Il “modus operandi” della maggior parte dei danneggiamenti sarebbe consistito nel taglio delle gomme delle auto e nell’incisione della carrozzeria mediante solchi raffiguranti crocifissi. Ad un imprenditore sono state recapitate buste da lettera contenenti due proiettili con la richiesta del pagamento di un’ingente somma di denaro.
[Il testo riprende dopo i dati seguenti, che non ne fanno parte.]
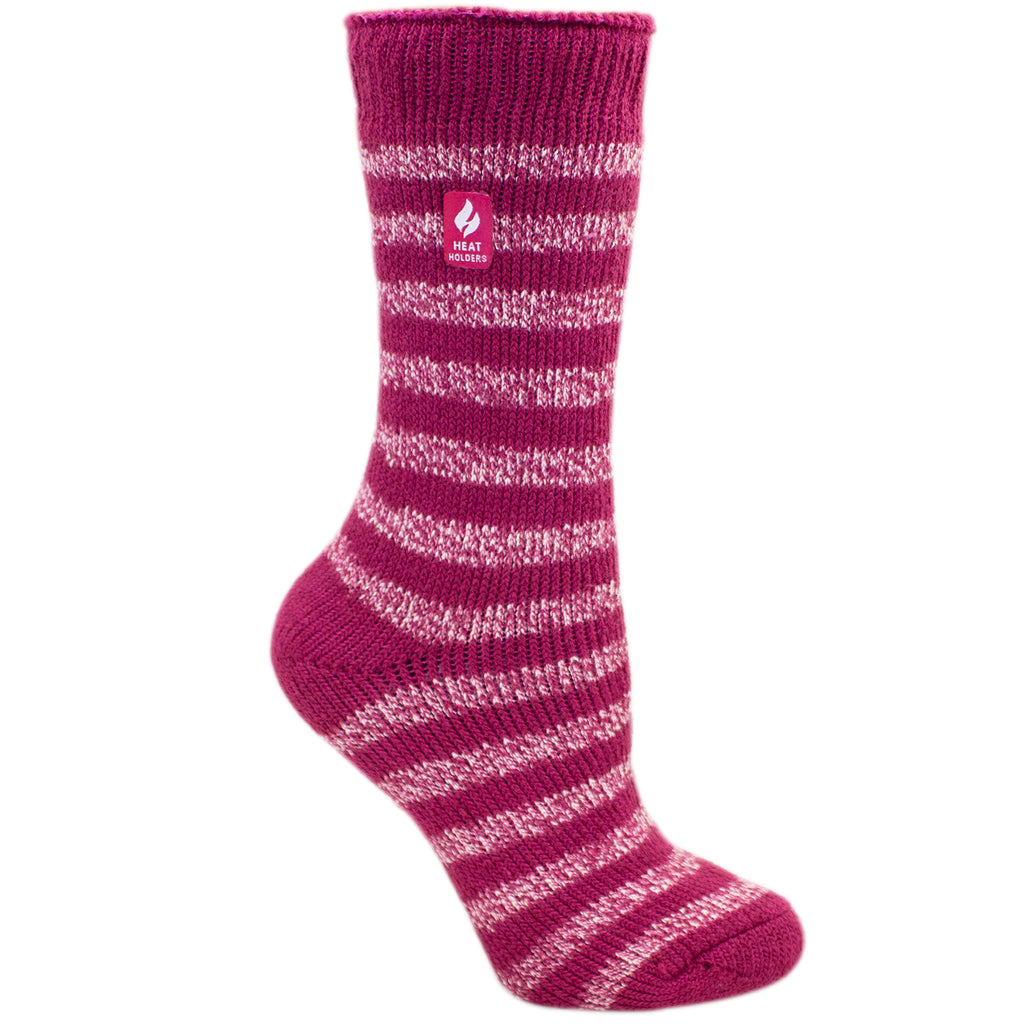 HEAT HOLDERS Womens Fleece Insulated Thermal Socks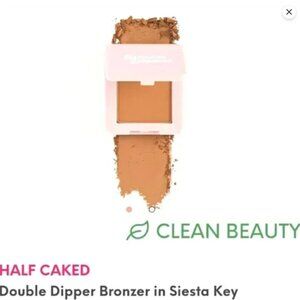 HALF CAKED Double Dipper‎ Bronzer in "Siesta Key" (NEW IN PACKAGE!)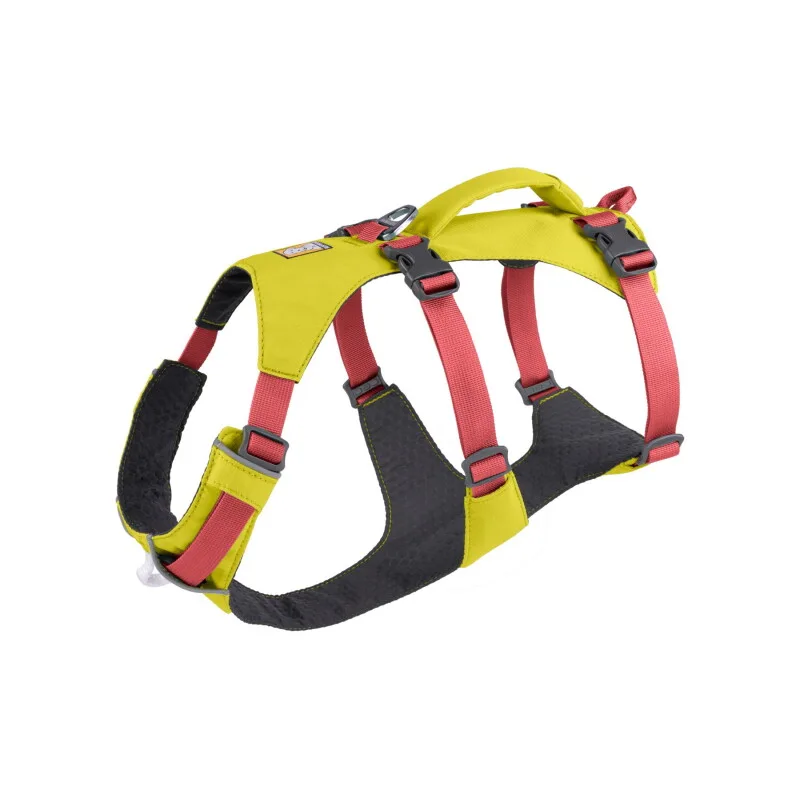 Flagline™ Geschirr S de Ruffwear en Jaune, Regular – photo produit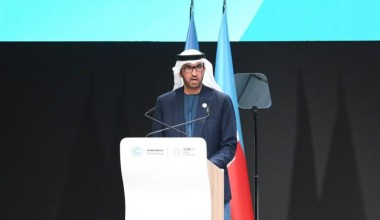 COP28 Prezidenti: COP29 keyingi umumiy muvaffaqiyatimiz bo‘ladi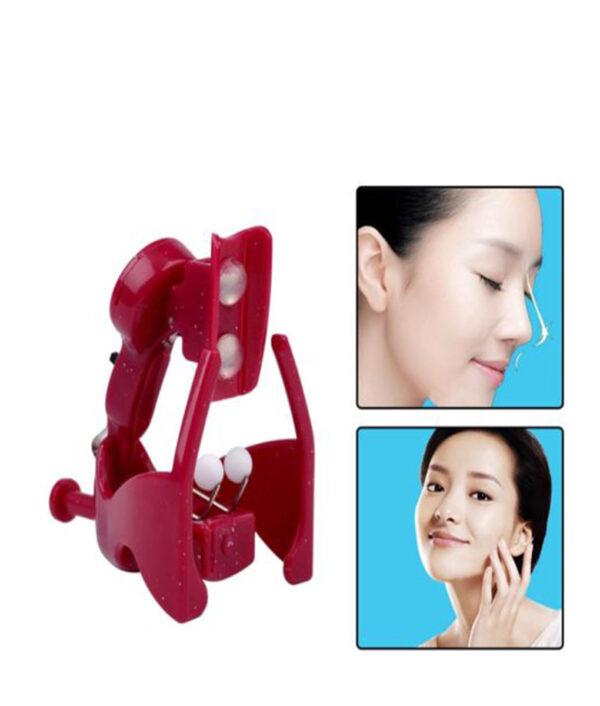 Electric High Nose Up Lifter U Shaping Shaper Lifting Bridge Straightening Silicone Gel Corrector Slimming Massager 6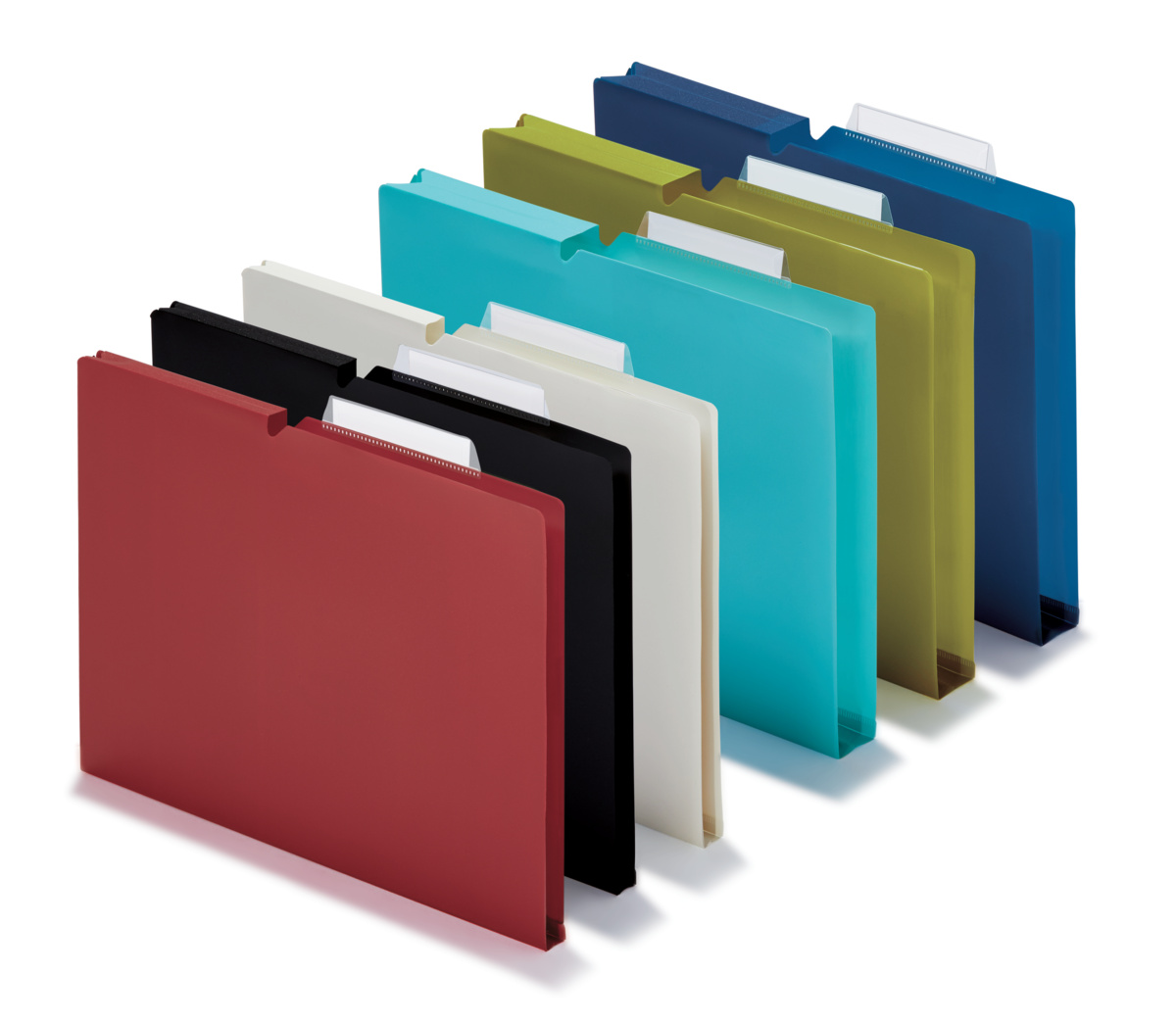 個別フォルダーNEOS PP製A4マチ15mmW色10P｜文具｜コクヨ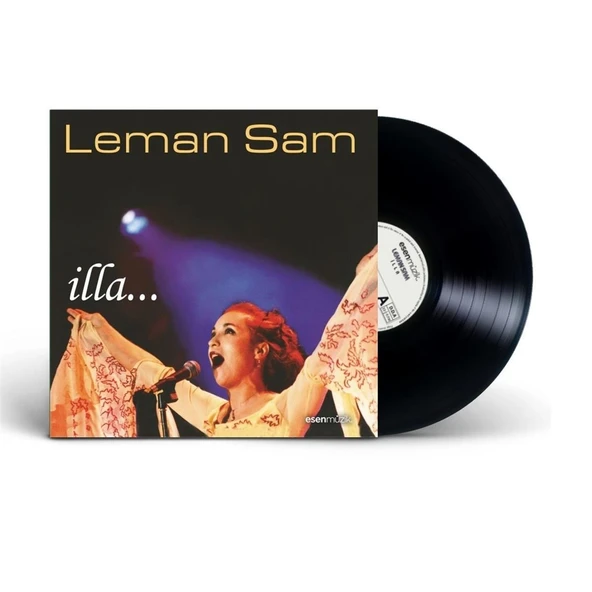 Leman Sam İlla - Plak ürün görseli 1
Tutti metodi tipici delle organizzazioni mafiose.
Le attività criminali sarebbero state intraprese in nome e per conto della “famiglia”, sia nel settore del traffico degli stupefacenti sia nel settore delle estorsioni.
L’attività di indagine avrebbe permesso di acclarare la responsabilità dei fornitori all’ingrosso di stupefacenti, tutti di base a Catania.
Per quanto concerne il racket delle estorsioni, l’associazione mafiosa avrebbe tentato di sottoporre la totalità degli operatori economici (commercianti e imprenditori), al pagamento di piccole somme a titolo di protezione, secondo il principio che era emerso nell’operazione “Homo Novus” di ottenere piccoli importi dai singoli ma da un numero sempre più elevato di soggetti.
Al fine di evitare contatti diretti le comunicazioni sarebbero state effettuate anche attraverso corrispondenza, recapitata per mezzo di uomini di fiducia liberi sul territorio.
Nel rispetto del principio di solidarietà interna dell’organizzazione mafiosa, alcuni arrestati si sarebbero impegnati anche a raccogliere somme per il sostentamento degli affiliati detenuti e dei loro familiari.

L’omicidio sventato di uno spacciatore

Nell’aprile del 2019 sarebbe stata presa la decisione di uccidere uno spacciatore locale che risultava debitore insolvente di proventi legati all’attività di spaccio; nonché per punirlo in quanto cercava di contrastare il regime di monopolio nel traffico imposto dall’organizzazione.
Solo il pronto intervento degli uomini della Squadra Mobile di Enna e del Commissariato di P.S. di Leonforte ha permesso di far sì che l’evento progettato non venisse portato a compimento. Nello specifico i poliziotti hanno effettuato una perquisizione presso l’abitazione di uno degli affiliati rinvenendo, murata all’interno di un lavello all’interno del garage sottostante, una pistola semiautomatica 9×19 che sarebbe servita per compiere il delitto.